Of course, File.ReadAllBytes will do the trick even more simply when you only need to deal with a file rather than a general stream.
Because your file could be very large and the buffer has usually a fixed size of 4-32 KB. This way you know you're not filling your memory unnessecarily.
Of course, if you KNOW the size of your file is not too large or if you store the contents in memory anyways, there is no reason not to read it all in one shot.

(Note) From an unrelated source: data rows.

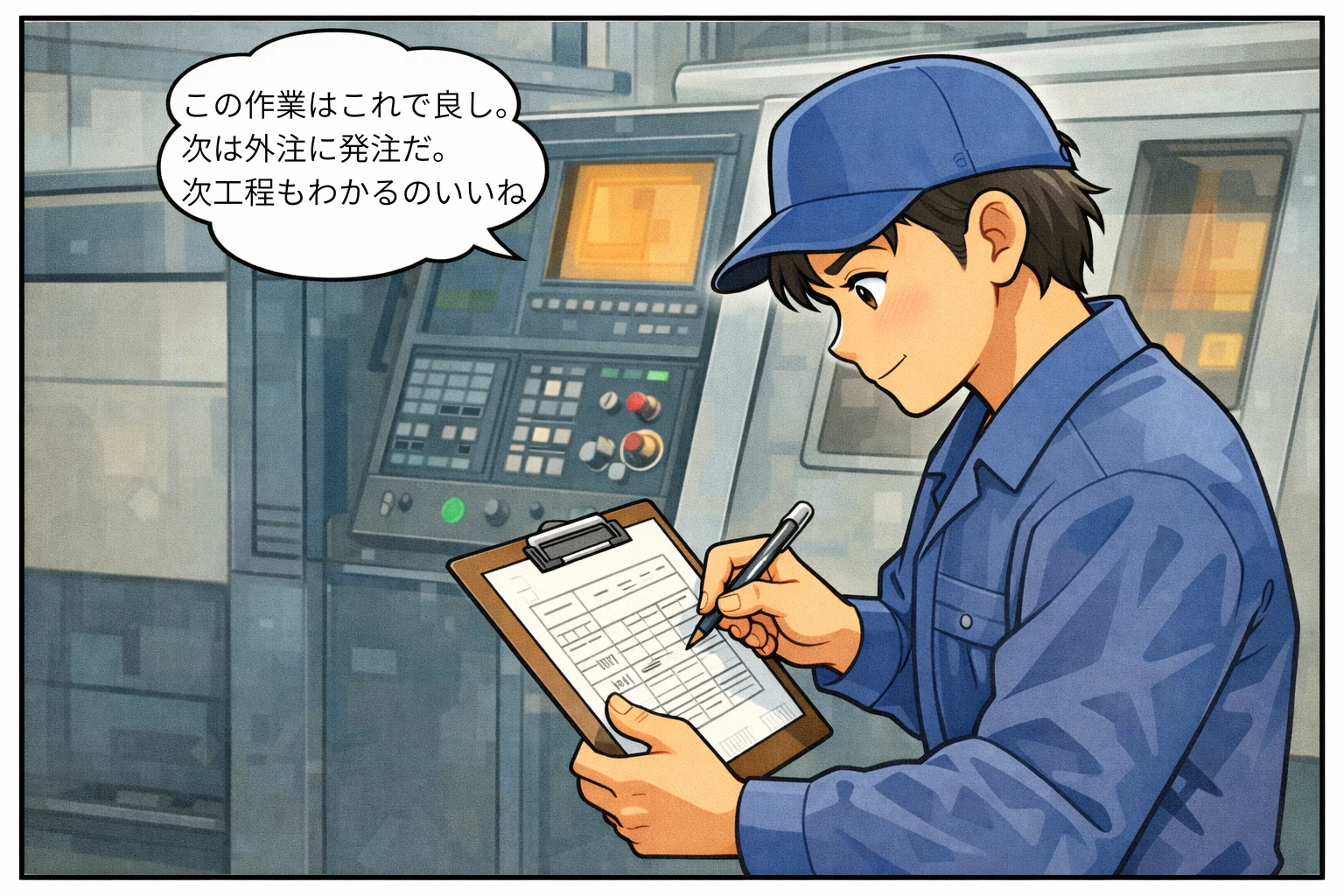 新人作業スタッフが、受注票に作業記録を書き込んでいる場面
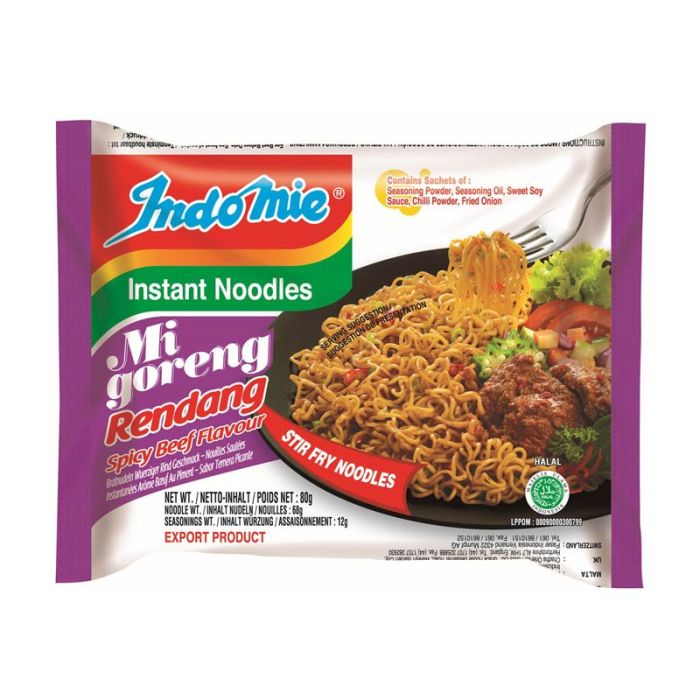 MHD:05.09.2024 Indomie Mi Goreng Rendang Spicy Beef Flavour Noodle 80g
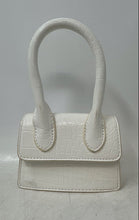 Load image into Gallery viewer, Womens White Animal Embossed Leather Top Handle Mini Satchel Purse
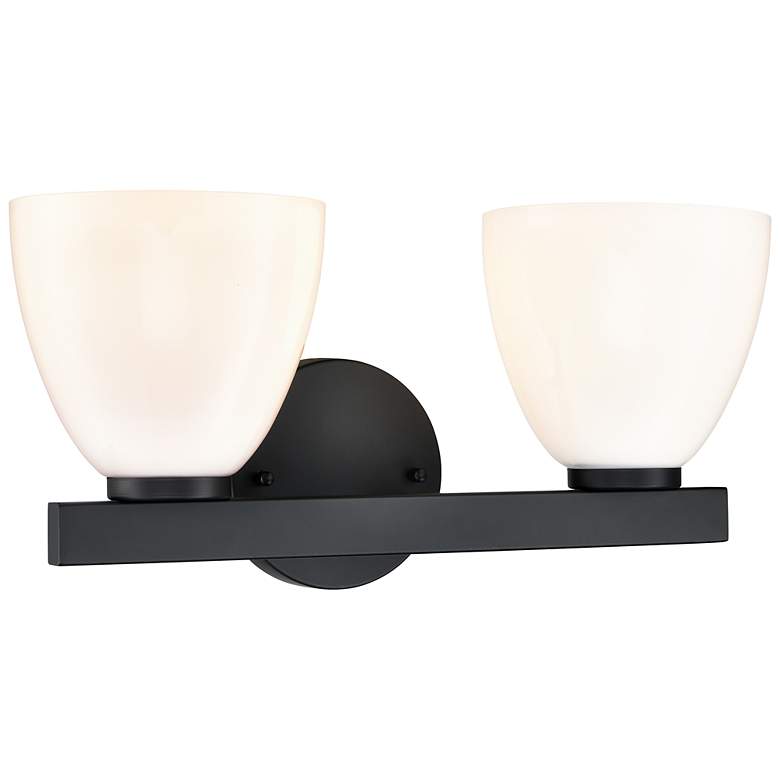 Image 2 Apria 15.75" Wide 2-Light Vanity in Matte Black more views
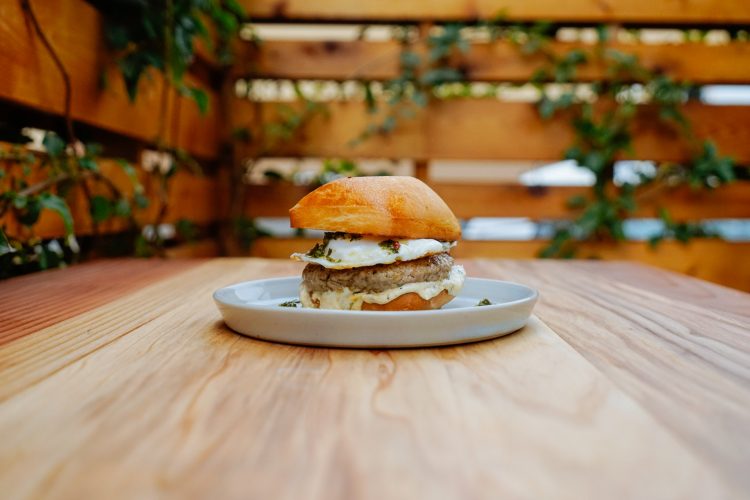 Breakfast Sandwich with fried eggs at All Time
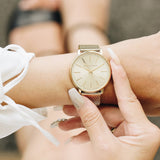 Buy Shop Michael Kors Pyper Quartz Gold Dial Gold Mesh Strap Watch For Women - MK4339 USA Online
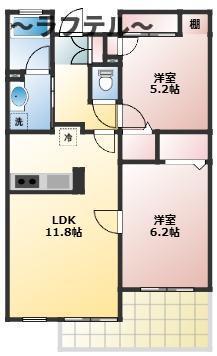 タートルクレインふじみ野II(2LDK/2階)の間取り写真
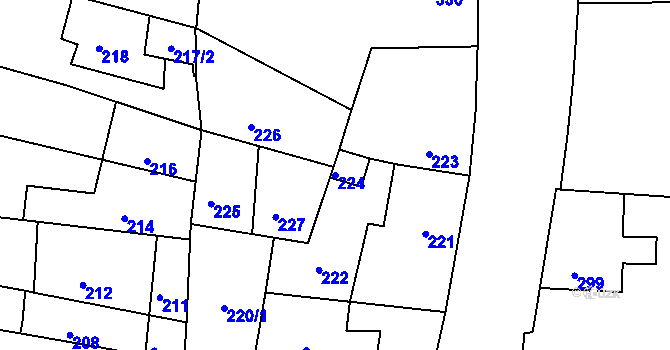 Parcela st. 224 v KÚ Mimoň, Katastrální mapa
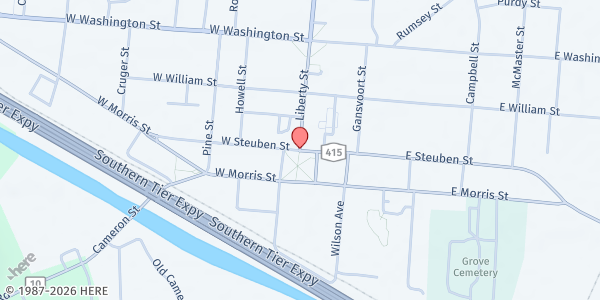 Map showing Pulteney Square Park at Steuben St and Liberty St, Bath, NY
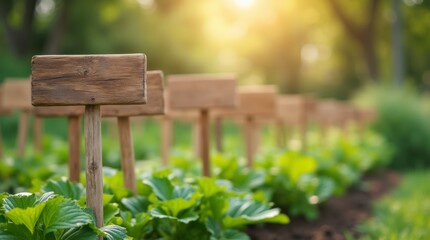 A row of wooden garden markers standing tall in a herb garden 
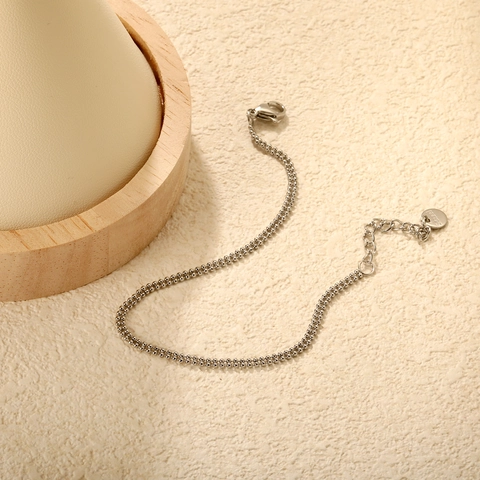 Double Layer Round Bead Chain Bracelet Gold Silver Plated Stainless Steel Minimalist Jewelry Gift For Women Elegant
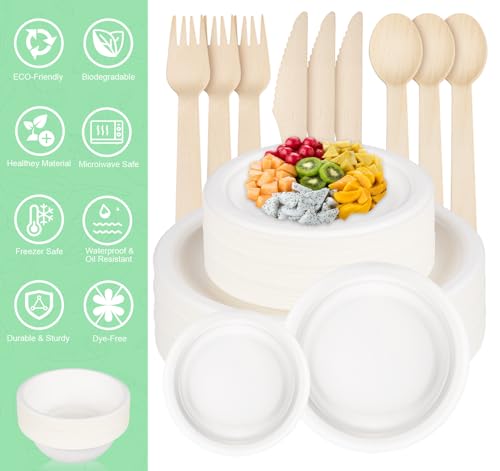 ilauke 170 Stück Weiß Pappgeschirr Geschirr Set, Kompostierbar Ökologisch Pappteller und Besteckset,für Camping Party und Picknick Set inklusive Teller, Löffel, Gabel, Messer, Servietten, Schüsseln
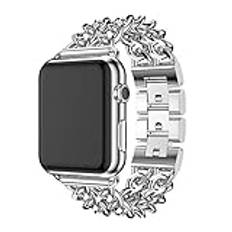 Kompatibel med Apple Watch SE 44 mm armband rostfritt stål dam, bling, metall, klockarmband justerbart ersättningsarmband för iWatch 42 mm 44 mm 45 mm 46 mm Ultra 1/2 49 mm Series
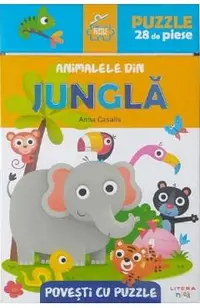 Animalele din jungla. Povesti cu puzzle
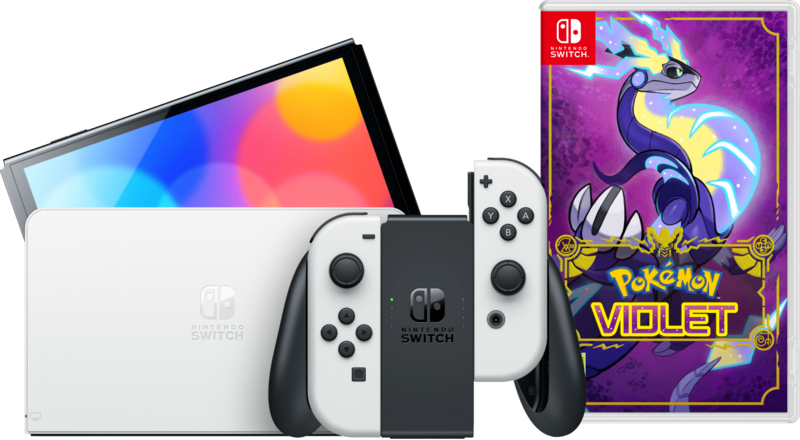 Aanbieding Nintendo Switch OLED Wit + Pokémon Violet (consoles)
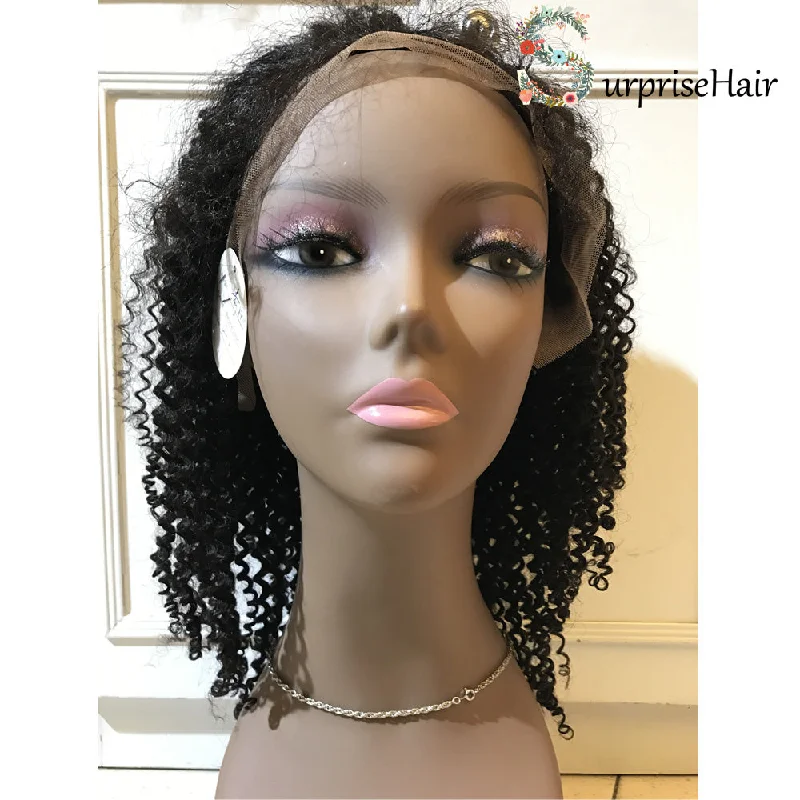 Best Kinky Curly Lace Front Wig Peruvian Human Hair for Black Women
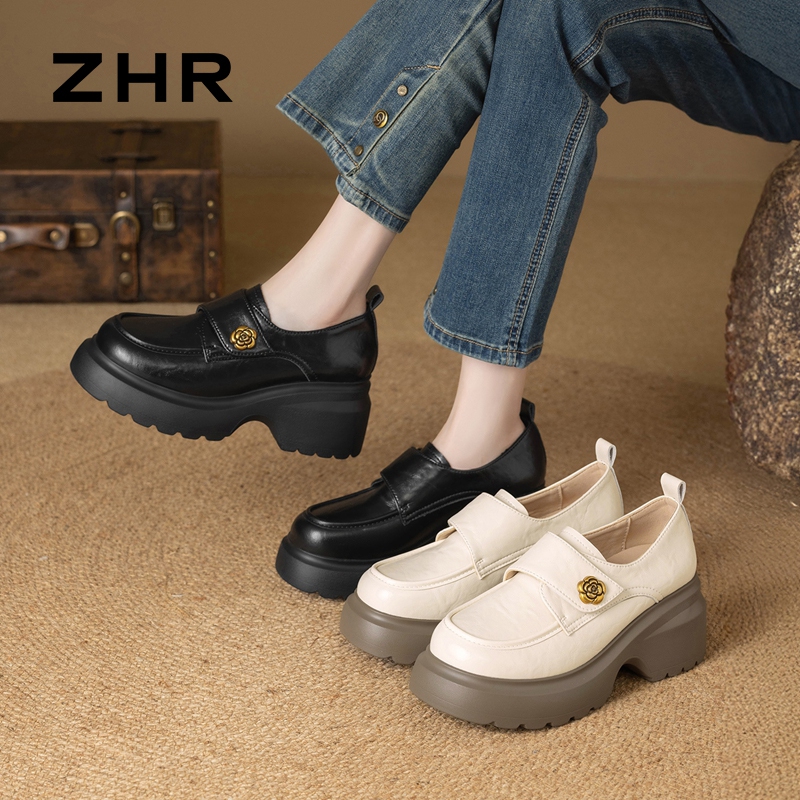 13007938.【ZHR则则】深口单鞋圆头魔术贴厚底女鞋[超纤]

Although, if you want to read the contents of your file directly into a variable, you don't need the Stream API. Rather use
File.ReadAllText(...)
or
File.ReadAllBytes(...)
A simple fs.Read(buffer, 0, length) will probably work, and it will even be hard to find a test to break it. But it simply is not guaranteed, and it might break in the future.
The best answer here is to use a specialized method from the library. In this case
byte[] buffer = System.IO.File.ReadAllBytes(fileName);
A quick look with Reflector confirms that this will get you the partial-buffer logic and the exception-safe Dispose() of your stream.
And when future versions of the Framework allow for better ways to do this your code will automatically profit.